Millions of Americans believe force justified to restore Trump to White House, University of Chicago study finds
More than 18 months after the rioting at the U.S. Capitol by a pro-Trump mob, an estimated 13 million U.S. adults, or 5% of the adult population, agree that force would be justified to restore former President Donald Trump to the White House and an estimated 15 million Americans believe force would be justified to prevent Trump from being prosecuted , should he be indicted for mishandling classified documents, according to a new study from the University of Chicago.
"We have not just a political threat to our democracy, we have a violent threat to our democracy," Dr. Robert Pape, the director of the University of Chicago's Chicago Project on Security and Threats (CPOST) told "Face the Nation" moderator Margaret Brennan on Sept. 18. "Today, there are millions of individuals who don't just think the election was stolen in 2020; they support violence to restore Donald Trump to the White House."
The 13 million estimated in the early September survey represents a reduction since June 2021, when an estimated 23 million Americans had insurrectionist sentiment. CPOST researchers extrapolated data from over 3,000 nationally representative survey participants who responded to surveys in June and September of 2021, and April and September of 2022, to reach their conclusions in the study.
Pape and his research team found that the willingness to use violence to put Trump back in the White House was largely driven by unfounded and racist fears about a "Great Replacement" of White people by immigrants and about QAnon, a set of conspiracy theories involving sex trafficking by Democrats and liberal elites and corruption. According to the study, 61% of those who favored insurrection were fueled by fears of a Great Replacement, and 48% of those surveyed believed in QAnon.
The "Great Replacement" conspiracy is built around the belief that the Democratic Party is replacing the voting electorate with a more diverse voter base to undermine or replace political power held by White people.
"[Great Replacement] is a conspiracy theory, but it's not just on fringe social media like Parler or Gab, 4chan or 8chan" Pape said. "This is every day on Fox News, it's on Newsmax, it's on One America, it's on talk radio."

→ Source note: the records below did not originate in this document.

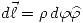 <tex>d\vec{\ell}=\rho\,d\varphi\widehat{\varphi}</tex>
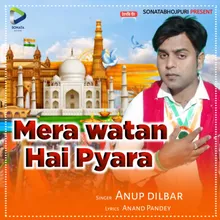 Mera watan hai payara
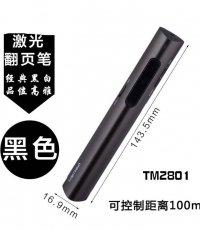 得力2801翻页激光笔(黑色)(PET彩盒+泡壳)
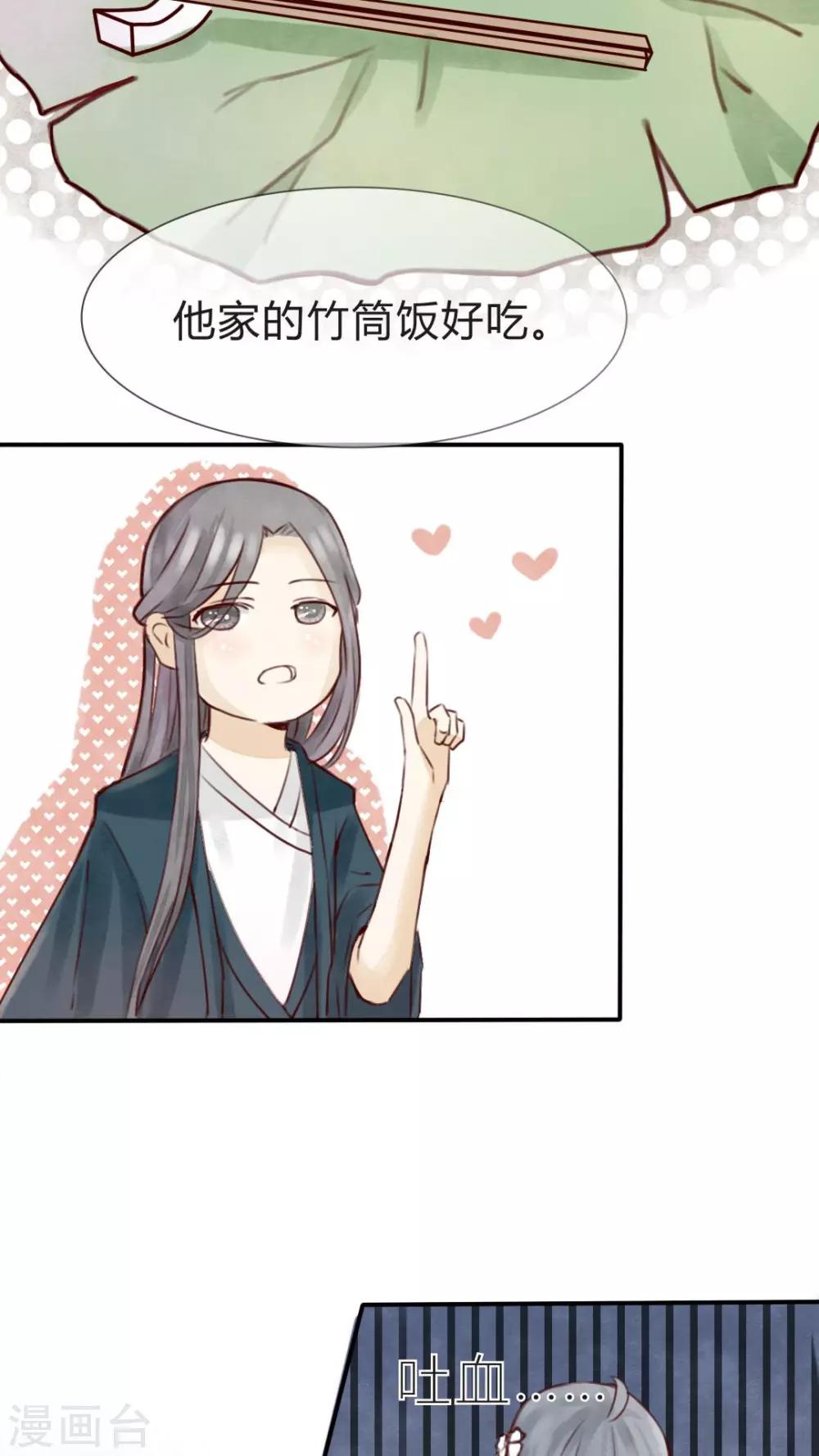 《我的吃货上仙》第4话 柏师傅啊，你似坑非坑 第14页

It was a motivating factor behind the "Unite the Right" Charlottesville rally, and in recent mass shootings in Pittsburgh, Penn., Christchurch, New Zealand; El Paso, Texas, and most recently, Buffalo, N.Y.
"If you marry those together, you have a dangerous cocktail. You have the fear of this Great Replacement happening by a Democratic Party, and then you have the fear of corruption and immorality, and that's that dangerous combination that's leading to violent support against our democracy," Pape said.
The CPOST study also found that Jan. 6 defendants were more likely to come from urban than rural areas of the country, and that insurrectionists mostly descended upon the Capitol from counties that have diversified the most quickly in the last ten years.
Pape's research suggests that "naming and shaming" those who participated in the Capitol attack on Jan. 6 2021 has caused a decline in the number of Americans who would use force to reinstall former president Trump, likely due to this summer's hearings by the House select committee investigating the Capitol attack, as well as the continued prosecutions of Jan. 6 defendants and President Biden's speeches focused on that day.
Pape also spoke of Trump's association with QAnon, noting that the former president recently played a QAnon theme song at one of his rallies, and he reposted a video filled with references to the conspiracy. A central tenant of QAnon belief is thatTrump is one of few politicians capable of bringing down a cabal of sex trafficking politicians and political elite.
"The former president is willing to court not just supporters of his, but those who support violence for his goals, number one of which is being restored to the White House," Pape said. "He is deliberately stoking not just the fires of anger getting him political support, but the fires that are leading to that violent 13 [million]."
Voicing his concerns about the upcoming midterm elections, Pape said, "If it's just a political threat, well, then we can have elections. Once it's not just denying an election, but using violence as the response to an election denial, now we're in a new game."